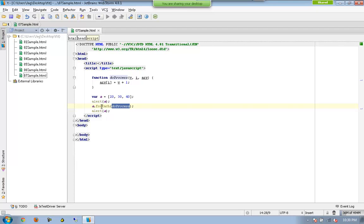It is just a method which does not return any value. Previously we used every which returns a boolean, either true or false. The other one what we used was filter which will be returning an array based on the filtering of elements.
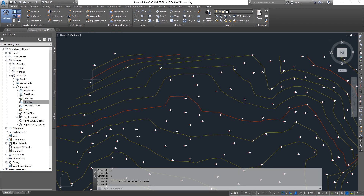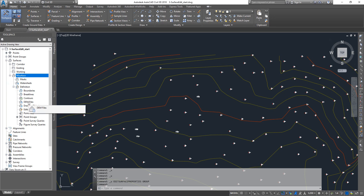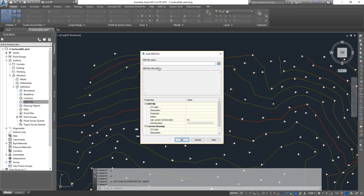You need to have a TIN surface in place — not necessarily displayed, just create a TIN surface. Then expand your TIN surface, expand the definition, and under that there is something called DEM files — Digital Elevation Models. Right-click on that and click Add.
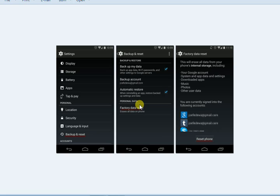There is an option to reset factory data. We have all the contacts, photos, videos, music, and other data that will be automatically reset and deleted. We have to reset the factory data.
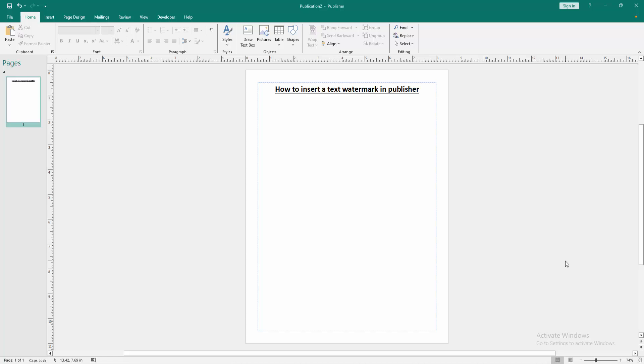Firstly, we have to open a Publisher document. Now we want to insert a text watermark.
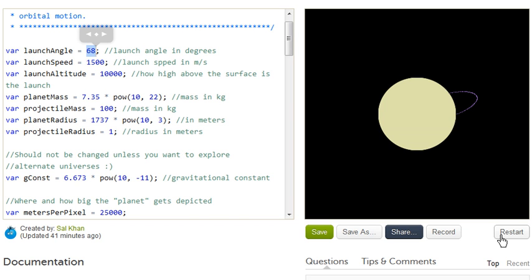Anyway, hopefully you have fun with the simulation and it makes you think a little bit more about maybe the assumptions you used to make about projectile motion.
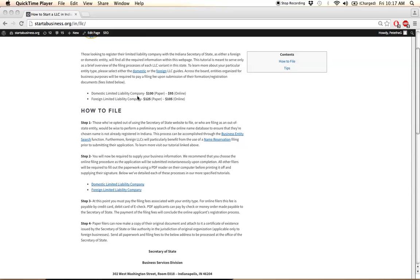If you're filing through the mail, you're going to download the PDF application, submit your business information from your computer, print off the application, sign it, and send it to the address located here.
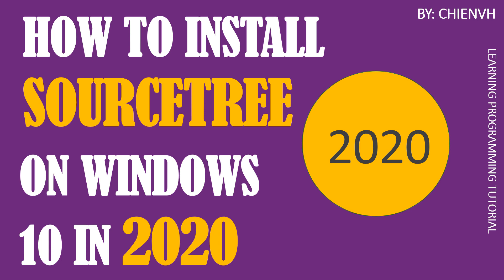In this video, today I would like to show you how to install SourceTree on Windows 10 in 2020. So now let's get started.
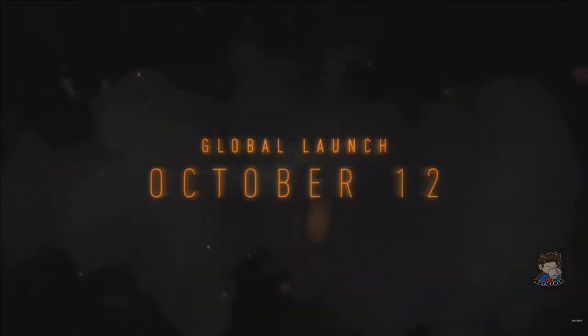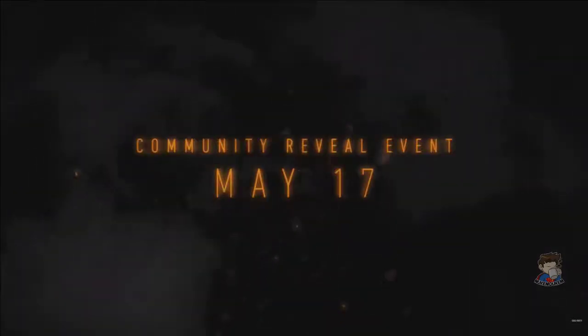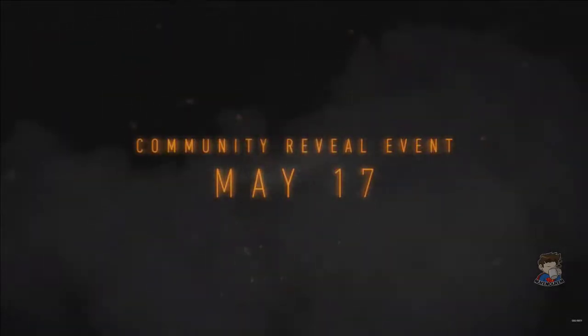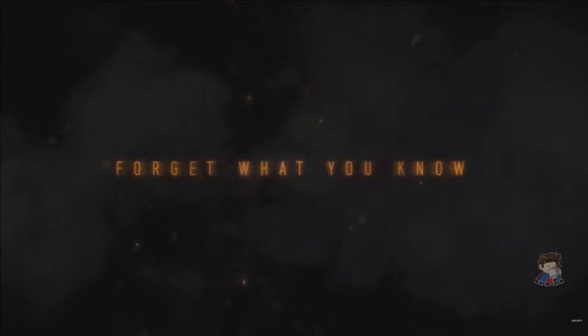So it's going to be worldwide release on October 12th and then we're going to find out everything around May 17th for it.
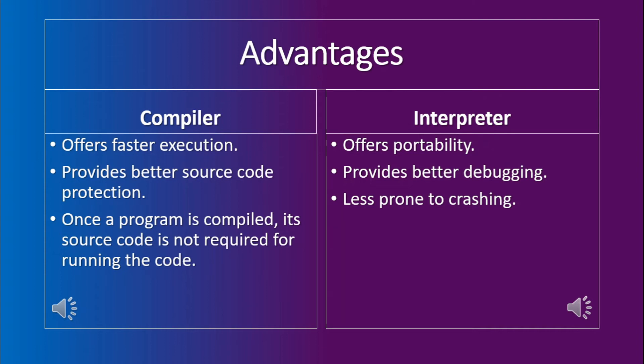Moreover, the third advantage of the interpreter is that it is less prone to crashing.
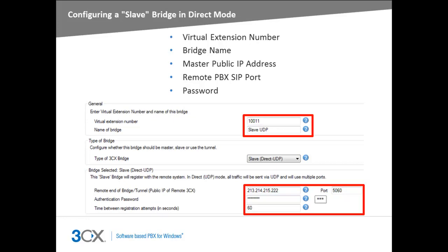Now that the master PBX has been configured, we may proceed with the configuration of the slave PBX. The first field to set is the virtual extension number, which must match the master, and next we need to give this connection a name for identification purposes. For a direct UDP slave connection, we must enter the public IP address of the master 3CX phone system, the SIP port of the master 3CX phone system — which is 5060 by default — and the authentication password. This needs to match the password set on the master side.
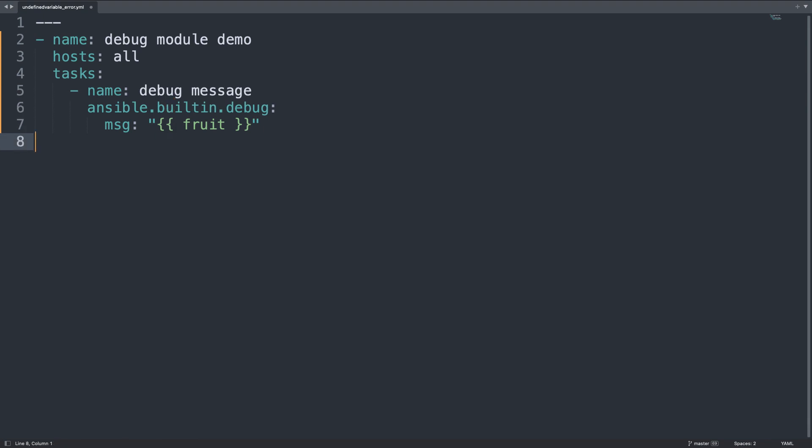This seems pretty obvious that the through it variable is not defined, but it is not when your playbook is very long and complex. So let's see the type of error message and how to solve this issue.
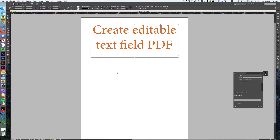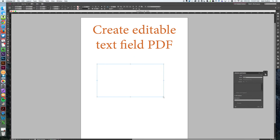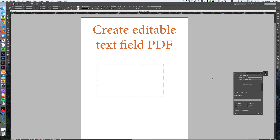To create an editable PDF from InDesign, simply start with your text field tool, create a box, go to Buttons and Forms found in the Windows menu, select text field, and you're done.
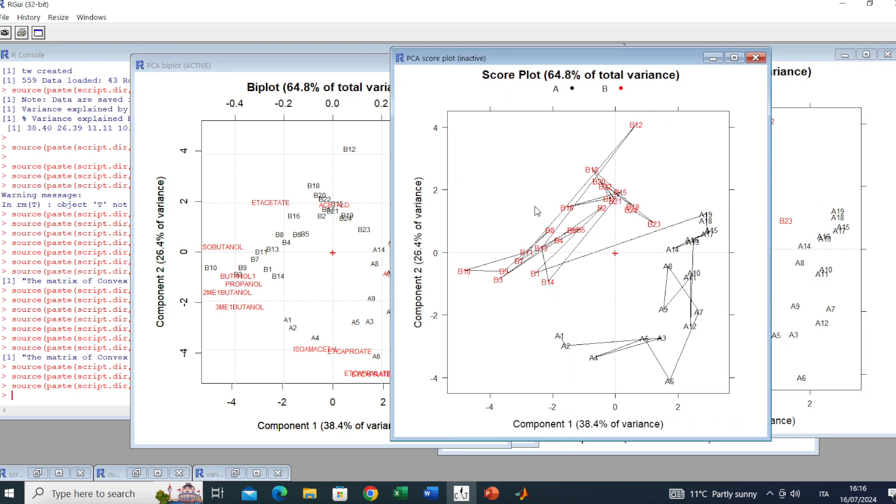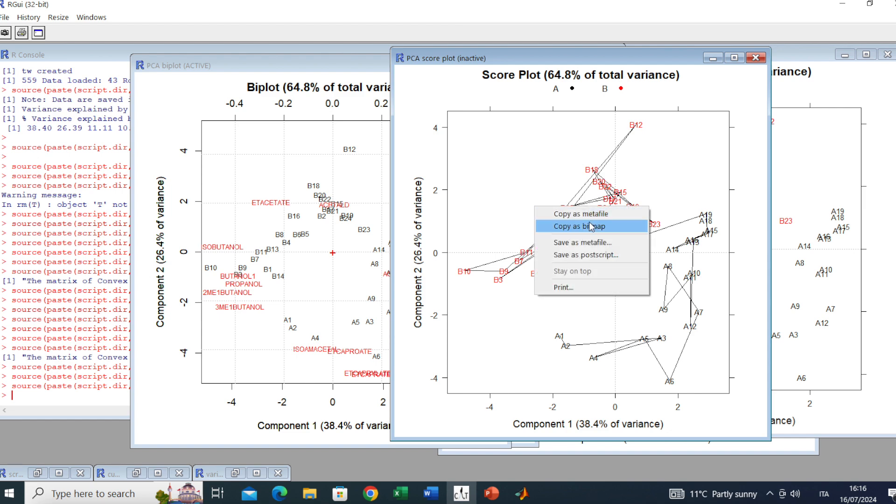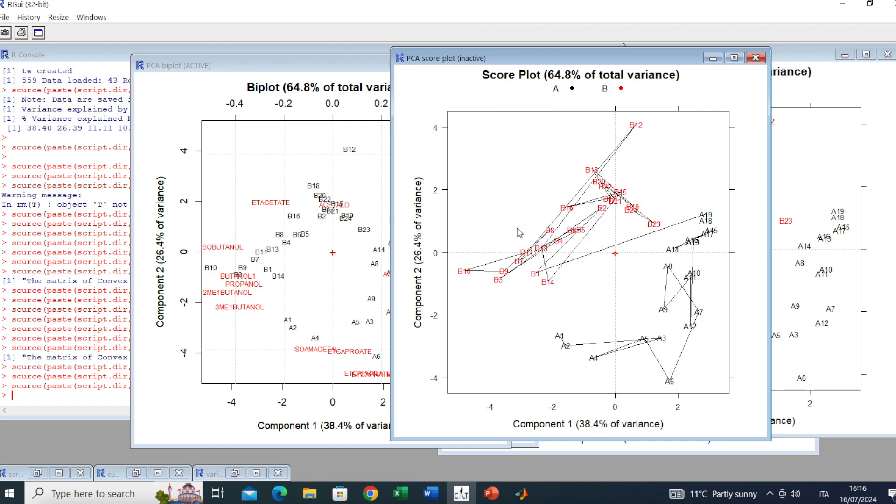Finally, if you want to save these plots you can right-click and copy as metafile or as bitmap. This is the end of the video. I hope you enjoyed it and don't forget to subscribe.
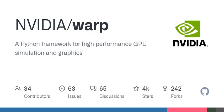In addition, Warp kernels are differentiable and can be used as part of machine learning pipelines with frameworks such as PyTorch and JAX.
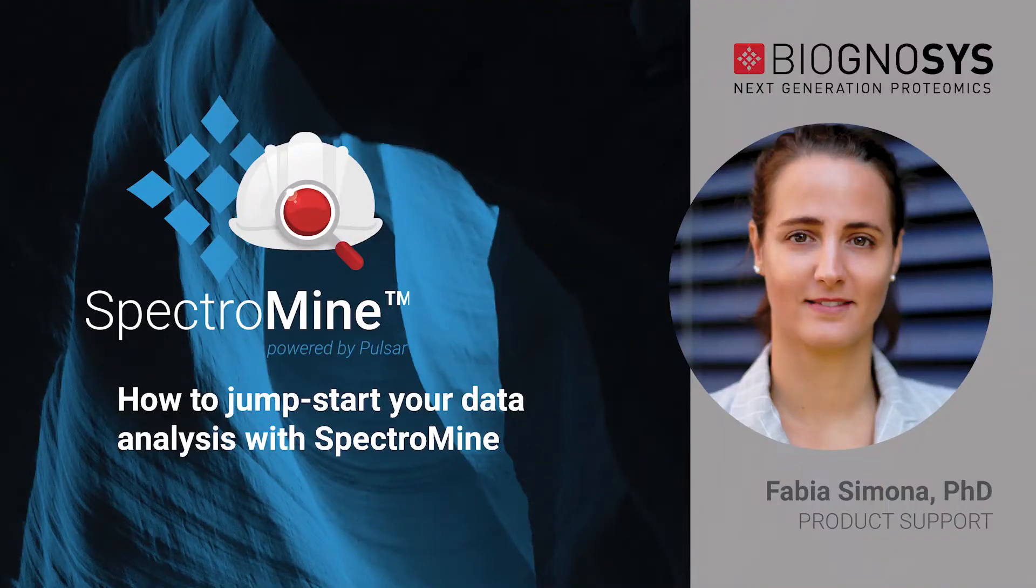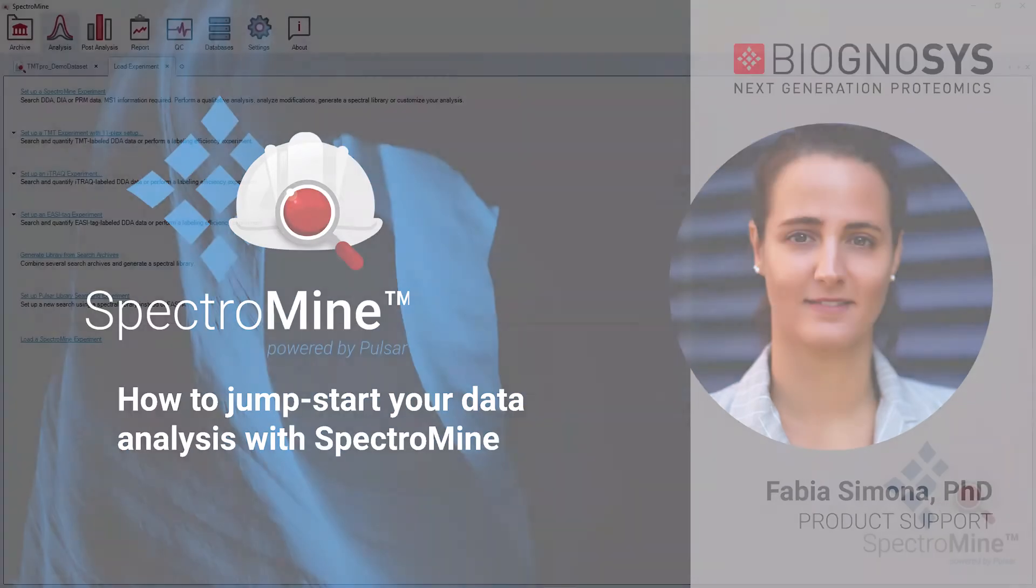Hi, here is Fabia from the Biagnosis product support team and today I would like to show you how to jumpstart your data analysis with SpectrumMine.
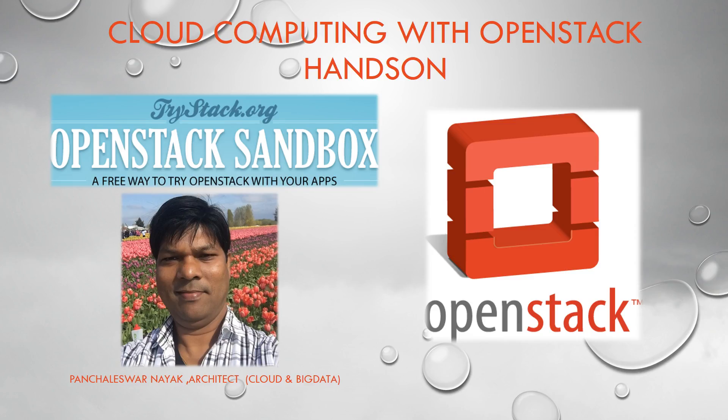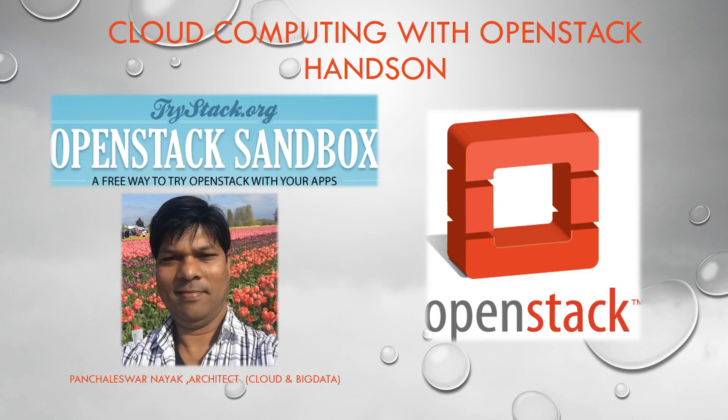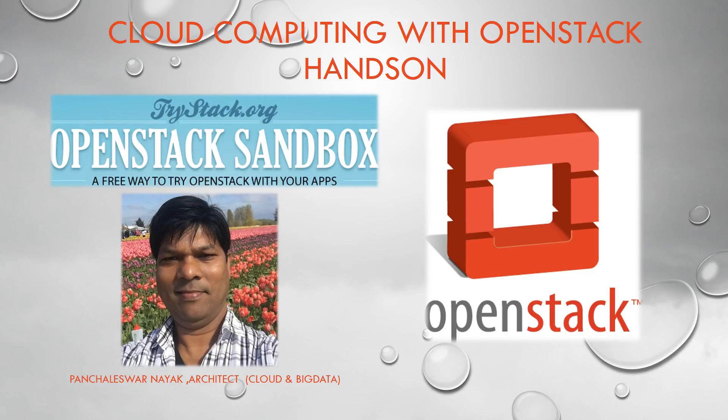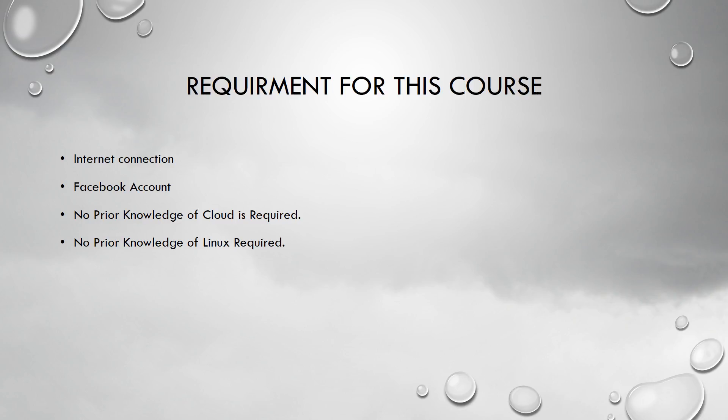Hello friends, welcome again. In this course of cloud computing with OpenStack, we are going to discuss about OpenStack and how we can have a feel of OpenStack using TryStack. I'll give a broader view of OpenStack in my following lectures.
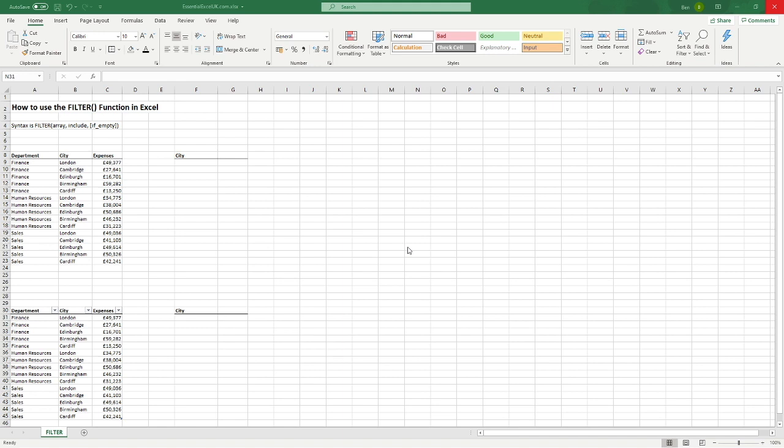Hello everyone and welcome back to another tutorial. In this video we're going to be looking at the new Excel FILTER function that we have available to us.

********************

**Aim of the exercise:** Using the data above, give again exactly the lines starting at the one holding "If you're filing" and ending at the one holding "In addition, Warp", inclusive, and nothing more. Omit the pictures.

**Reply to the exercise:**
If you're filing through the mail, you're going to download the PDF application, submit your business information from your computer, print off the application, sign it, and send it to the address located here.
In this video, today I would like to show you how to install SourceTree on Windows 10 in 2020. So now let's get started.
So it's going to be worldwide release on October 12th and then we're going to find out everything around May 17th for it.
Moreover, the third advantage of the interpreter is that it is less prone to crashing.
Now that the master PBX has been configured, we may proceed with the configuration of the slave PBX. The first field to set is the virtual extension number, which must match the master, and next we need to give this connection a name for identification purposes. For a direct UDP slave connection, we must enter the public IP address of the master 3CX phone system, the SIP port of the master 3CX phone system — which is 5060 by default — and the authentication password. This needs to match the password set on the master side.
This seems pretty obvious that the through it variable is not defined, but it is not when your playbook is very long and complex. So let's see the type of error message and how to solve this issue.
To create an editable PDF from InDesign, simply start with your text field tool, create a box, go to Buttons and Forms found in the Windows menu, select text field, and you're done.
Finally, if you want to save these plots you can right-click and copy as metafile or as bitmap. This is the end of the video. I hope you enjoyed it and don't forget to subscribe.
In addition, Warp kernels are differentiable and can be used as part of machine learning pipelines with frameworks such as PyTorch and JAX.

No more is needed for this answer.